For Buyers: Validate the Asking Multiple

  1. 1

    Request trailing 12-month and 3-year P&L with bank statement backup before making an offer. If a Home Medical Equipment seller cannot produce reconciled financials, that signals what the full diligence process will look like.

  2. 2

    Verify the recurring rental revenue mix claims independently — pull contract copies, renewal documentation, and client-level revenue data. This is the primary driver of whether this Home Medical Equipment is worth 5.5x or 2.5x.

  3. 3

    Assess medicare/medicaid compliance history directly: ask which revenue or client relationships depend on the current owner personally, and what the transition plan is. An exit-ready seller has already worked through this.

  4. 4

    Model your SBA debt service against verified EBITDA before signing the LOI. At current rates, a $1M SBA 7(a) loan runs approximately $13,000/month over 10 years — the business needs at least 1.25x debt service coverage after a market-rate manager salary.

Frequently Asked Questions

What EBITDA multiple should I expect when selling my home medical equipment business?
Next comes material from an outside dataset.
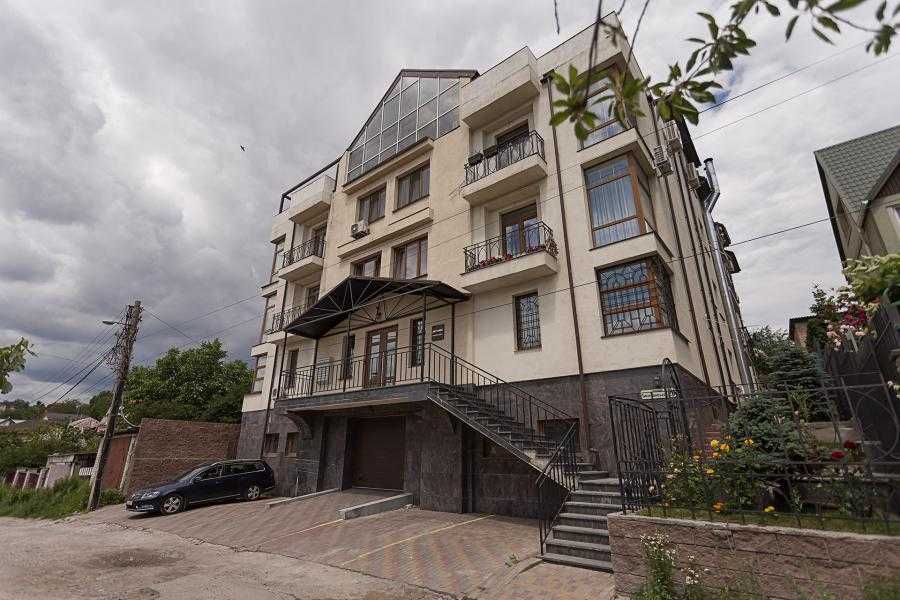 Лисичанська 29, стильна квартира в клубному будинку Art House 150 000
Most HME businesses in the $1M–$5M revenue range sell for 3.5x–5.5x EBITDA. Clean compliance history, strong rental revenue, and diversified referrals drive results toward the upper end.

How does Medicare reimbursement risk affect my HME business valuation?

Open audits, recoupment exposure, or heavy Medicare concentration reduce multiples significantly. Buyers and SBA lenders treat unresolved billing compliance issues as deal-killers or major price reduction triggers.

Can I use an SBA loan to buy a home medical equipment business?

Yes. SBA 7(a) loans are commonly used for HME acquisitions. Lenders typically require 10–20% buyer equity, clean Medicare supplier enrollment, active accreditation, and a seller note for gap financing.

What is the most important value driver for an HME business sale?

Recurring rental revenue quality is the single most important driver. High rental mix signals predictable cash flow, reduces buyer risk, and directly supports higher EBITDA multiples and better deal terms.